[Caption-style text data]

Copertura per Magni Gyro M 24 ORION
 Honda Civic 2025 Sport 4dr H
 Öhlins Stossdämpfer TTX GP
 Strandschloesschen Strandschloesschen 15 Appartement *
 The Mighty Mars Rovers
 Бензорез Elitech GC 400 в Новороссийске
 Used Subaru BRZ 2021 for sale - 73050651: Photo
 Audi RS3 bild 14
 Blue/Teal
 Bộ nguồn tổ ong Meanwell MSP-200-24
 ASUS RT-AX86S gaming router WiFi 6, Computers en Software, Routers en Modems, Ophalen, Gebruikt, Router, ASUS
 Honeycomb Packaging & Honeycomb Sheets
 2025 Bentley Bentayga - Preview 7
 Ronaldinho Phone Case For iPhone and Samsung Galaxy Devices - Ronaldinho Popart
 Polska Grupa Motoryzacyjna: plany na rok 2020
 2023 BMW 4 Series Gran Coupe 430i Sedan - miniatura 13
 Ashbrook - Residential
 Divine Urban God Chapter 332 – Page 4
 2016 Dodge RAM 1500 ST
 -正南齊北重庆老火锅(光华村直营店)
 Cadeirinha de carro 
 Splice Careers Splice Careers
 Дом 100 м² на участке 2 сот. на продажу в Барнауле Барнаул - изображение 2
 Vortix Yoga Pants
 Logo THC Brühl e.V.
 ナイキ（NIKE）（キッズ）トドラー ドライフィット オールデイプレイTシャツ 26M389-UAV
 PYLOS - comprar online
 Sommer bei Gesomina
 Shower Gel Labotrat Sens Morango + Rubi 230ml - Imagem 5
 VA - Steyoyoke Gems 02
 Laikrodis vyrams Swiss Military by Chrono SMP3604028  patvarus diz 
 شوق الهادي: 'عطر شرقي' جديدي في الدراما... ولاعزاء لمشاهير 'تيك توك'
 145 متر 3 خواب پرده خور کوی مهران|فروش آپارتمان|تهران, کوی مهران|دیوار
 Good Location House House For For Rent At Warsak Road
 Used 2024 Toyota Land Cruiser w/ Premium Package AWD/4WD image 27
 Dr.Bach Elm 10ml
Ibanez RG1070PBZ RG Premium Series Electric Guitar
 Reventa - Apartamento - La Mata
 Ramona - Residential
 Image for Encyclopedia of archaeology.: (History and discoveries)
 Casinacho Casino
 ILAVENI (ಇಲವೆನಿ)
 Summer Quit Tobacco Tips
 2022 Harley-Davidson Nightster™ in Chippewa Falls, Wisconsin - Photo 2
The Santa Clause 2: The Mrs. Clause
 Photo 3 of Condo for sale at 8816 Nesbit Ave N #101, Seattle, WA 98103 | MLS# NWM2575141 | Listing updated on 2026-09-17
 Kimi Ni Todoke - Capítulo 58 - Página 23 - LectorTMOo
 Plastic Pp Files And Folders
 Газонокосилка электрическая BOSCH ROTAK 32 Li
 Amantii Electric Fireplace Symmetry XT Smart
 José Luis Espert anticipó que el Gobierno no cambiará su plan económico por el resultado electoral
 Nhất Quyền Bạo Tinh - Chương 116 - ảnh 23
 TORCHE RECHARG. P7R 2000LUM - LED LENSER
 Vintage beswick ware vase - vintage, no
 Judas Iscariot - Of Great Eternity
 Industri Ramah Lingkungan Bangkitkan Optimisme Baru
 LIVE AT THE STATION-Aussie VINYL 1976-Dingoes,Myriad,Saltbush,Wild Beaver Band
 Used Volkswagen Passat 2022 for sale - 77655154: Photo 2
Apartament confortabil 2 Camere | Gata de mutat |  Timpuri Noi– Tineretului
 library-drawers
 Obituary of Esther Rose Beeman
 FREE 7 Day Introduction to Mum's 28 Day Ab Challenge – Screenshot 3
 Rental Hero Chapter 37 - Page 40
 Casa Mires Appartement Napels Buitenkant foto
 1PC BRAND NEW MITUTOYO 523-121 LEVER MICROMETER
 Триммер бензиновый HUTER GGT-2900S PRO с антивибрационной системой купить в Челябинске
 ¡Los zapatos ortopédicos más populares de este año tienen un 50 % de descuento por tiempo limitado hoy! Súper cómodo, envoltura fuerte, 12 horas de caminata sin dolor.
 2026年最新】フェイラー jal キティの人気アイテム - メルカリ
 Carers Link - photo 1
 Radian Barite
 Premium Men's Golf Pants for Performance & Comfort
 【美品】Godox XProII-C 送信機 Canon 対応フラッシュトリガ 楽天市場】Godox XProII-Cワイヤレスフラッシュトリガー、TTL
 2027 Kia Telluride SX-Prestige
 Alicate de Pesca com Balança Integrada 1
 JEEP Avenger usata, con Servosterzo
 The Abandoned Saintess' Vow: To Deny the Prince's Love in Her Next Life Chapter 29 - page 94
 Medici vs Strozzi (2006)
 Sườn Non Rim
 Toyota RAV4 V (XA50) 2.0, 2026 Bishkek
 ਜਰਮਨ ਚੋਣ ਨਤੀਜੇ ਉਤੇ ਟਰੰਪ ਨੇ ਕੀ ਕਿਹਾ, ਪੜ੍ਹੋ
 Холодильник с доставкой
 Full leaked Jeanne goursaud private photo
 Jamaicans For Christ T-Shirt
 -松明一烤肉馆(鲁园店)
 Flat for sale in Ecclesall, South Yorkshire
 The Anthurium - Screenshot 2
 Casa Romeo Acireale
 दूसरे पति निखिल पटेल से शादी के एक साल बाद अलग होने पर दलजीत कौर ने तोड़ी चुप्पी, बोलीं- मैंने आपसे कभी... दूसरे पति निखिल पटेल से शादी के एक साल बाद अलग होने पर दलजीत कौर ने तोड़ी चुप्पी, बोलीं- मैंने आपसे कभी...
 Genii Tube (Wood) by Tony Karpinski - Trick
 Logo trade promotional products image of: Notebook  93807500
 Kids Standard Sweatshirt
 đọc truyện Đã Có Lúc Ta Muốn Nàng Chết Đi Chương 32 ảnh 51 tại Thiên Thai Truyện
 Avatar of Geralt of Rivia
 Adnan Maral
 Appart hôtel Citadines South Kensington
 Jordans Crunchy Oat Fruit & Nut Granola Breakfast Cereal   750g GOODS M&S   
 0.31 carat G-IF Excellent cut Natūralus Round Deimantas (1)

- DESCRIPTION OF THE TASK -
For this exercise, repeat the data above exactly.

- OUTPUT FOR THIS EXERCISE -
Copertura per Magni Gyro M 24 ORION
 Honda Civic 2025 Sport 4dr H
 Öhlins Stossdämpfer TTX GP
 Strandschloesschen Strandschloesschen 15 Appartement *
 The Mighty Mars Rovers
 Бензорез Elitech GC 400 в Новороссийске
 Used Subaru BRZ 2021 for sale - 73050651: Photo
 Audi RS3 bild 14
 Blue/Teal
 Bộ nguồn tổ ong Meanwell MSP-200-24
 ASUS RT-AX86S gaming router WiFi 6, Computers en Software, Routers en Modems, Ophalen, Gebruikt, Router, ASUS
 Honeycomb Packaging & Honeycomb Sheets
 2025 Bentley Bentayga - Preview 7
 Ronaldinho Phone Case For iPhone and Samsung Galaxy Devices - Ronaldinho Popart
 Polska Grupa Motoryzacyjna: plany na rok 2020
 2023 BMW 4 Series Gran Coupe 430i Sedan - miniatura 13
 Ashbrook - Residential
 Divine Urban God Chapter 332 – Page 4
 2016 Dodge RAM 1500 ST
 -正南齊北重庆老火锅(光华村直营店)
 Cadeirinha de carro 
 Splice Careers Splice Careers
 Дом 100 м² на участке 2 сот. на продажу в Барнауле Барнаул - изображение 2
 Vortix Yoga Pants
 Logo THC Brühl e.V.
 ナイキ（NIKE）（キッズ）トドラー ドライフィット オールデイプレイTシャツ 26M389-UAV
 PYLOS - comprar online
 Sommer bei Gesomina
 Shower Gel Labotrat Sens Morango + Rubi 230ml - Imagem 5
 VA - Steyoyoke Gems 02
 Laikrodis vyrams Swiss Military by Chrono SMP3604028  patvarus diz 
 شوق الهادي: 'عطر شرقي' جديدي في الدراما... ولاعزاء لمشاهير 'تيك توك'
 145 متر 3 خواب پرده خور کوی مهران|فروش آپارتمان|تهران, کوی مهران|دیوار
 Good Location House House For For Rent At Warsak Road
 Used 2024 Toyota Land Cruiser w/ Premium Package AWD/4WD image 27
 Dr.Bach Elm 10ml
Ibanez RG1070PBZ RG Premium Series Electric Guitar
 Reventa - Apartamento - La Mata
 Ramona - Residential
 Image for Encyclopedia of archaeology.: (History and discoveries)
 Casinacho Casino
 ILAVENI (ಇಲವೆನಿ)
 Summer Quit Tobacco Tips
 2022 Harley-Davidson Nightster™ in Chippewa Falls, Wisconsin - Photo 2
The Santa Clause 2: The Mrs. Clause
 Photo 3 of Condo for sale at 8816 Nesbit Ave N #101, Seattle, WA 98103 | MLS# NWM2575141 | Listing updated on 2026-09-17
 Kimi Ni Todoke - Capítulo 58 - Página 23 - LectorTMOo
 Plastic Pp Files And Folders
 Газонокосилка электрическая BOSCH ROTAK 32 Li
 Amantii Electric Fireplace Symmetry XT Smart
 José Luis Espert anticipó que el Gobierno no cambiará su plan económico por el resultado electoral
 Nhất Quyền Bạo Tinh - Chương 116 - ảnh 23
 TORCHE RECHARG. P7R 2000LUM - LED LENSER
 Vintage beswick ware vase - vintage, no
 Judas Iscariot - Of Great Eternity
 Industri Ramah Lingkungan Bangkitkan Optimisme Baru
 LIVE AT THE STATION-Aussie VINYL 1976-Dingoes,Myriad,Saltbush,Wild Beaver Band
 Used Volkswagen Passat 2022 for sale - 77655154: Photo 2
Apartament confortabil 2 Camere | Gata de mutat |  Timpuri Noi– Tineretului
 library-drawers
 Obituary of Esther Rose Beeman
 FREE 7 Day Introduction to Mum's 28 Day Ab Challenge – Screenshot 3
 Rental Hero Chapter 37 - Page 40
 Casa Mires Appartement Napels Buitenkant foto
 1PC BRAND NEW MITUTOYO 523-121 LEVER MICROMETER
 Триммер бензиновый HUTER GGT-2900S PRO с антивибрационной системой купить в Челябинске
 ¡Los zapatos ortopédicos más populares de este año tienen un 50 % de descuento por tiempo limitado hoy! Súper cómodo, envoltura fuerte, 12 horas de caminata sin dolor.
 2026年最新】フェイラー jal キティの人気アイテム - メルカリ
 Carers Link - photo 1
 Radian Barite
 Premium Men's Golf Pants for Performance & Comfort
 【美品】Godox XProII-C 送信機 Canon 対応フラッシュトリガ 楽天市場】Godox XProII-Cワイヤレスフラッシュトリガー、TTL
 2027 Kia Telluride SX-Prestige
 Alicate de Pesca com Balança Integrada 1
 JEEP Avenger usata, con Servosterzo
 The Abandoned Saintess' Vow: To Deny the Prince's Love in Her Next Life Chapter 29 - page 94
 Medici vs Strozzi (2006)
 Sườn Non Rim
 Toyota RAV4 V (XA50) 2.0, 2026 Bishkek
 ਜਰਮਨ ਚੋਣ ਨਤੀਜੇ ਉਤੇ ਟਰੰਪ ਨੇ ਕੀ ਕਿਹਾ, ਪੜ੍ਹੋ
 Холодильник с доставкой
 Full leaked Jeanne goursaud private photo
 Jamaicans For Christ T-Shirt
 -松明一烤肉馆(鲁园店)
 Flat for sale in Ecclesall, South Yorkshire
 The Anthurium - Screenshot 2
 Casa Romeo Acireale
 दूसरे पति निखिल पटेल से शादी के एक साल बाद अलग होने पर दलजीत कौर ने तोड़ी चुप्पी, बोलीं- मैंने आपसे कभी... दूसरे पति निखिल पटेल से शादी के एक साल बाद अलग होने पर दलजीत कौर ने तोड़ी चुप्पी, बोलीं- मैंने आपसे कभी...
 Genii Tube (Wood) by Tony Karpinski - Trick
 Logo trade promotional products image of: Notebook  93807500
 Kids Standard Sweatshirt
 đọc truyện Đã Có Lúc Ta Muốn Nàng Chết Đi Chương 32 ảnh 51 tại Thiên Thai Truyện
 Avatar of Geralt of Rivia
 Adnan Maral
 Appart hôtel Citadines South Kensington
 Jordans Crunchy Oat Fruit & Nut Granola Breakfast Cereal   750g GOODS M&S   
 0.31 carat G-IF Excellent cut Natūralus Round Deimantas (1)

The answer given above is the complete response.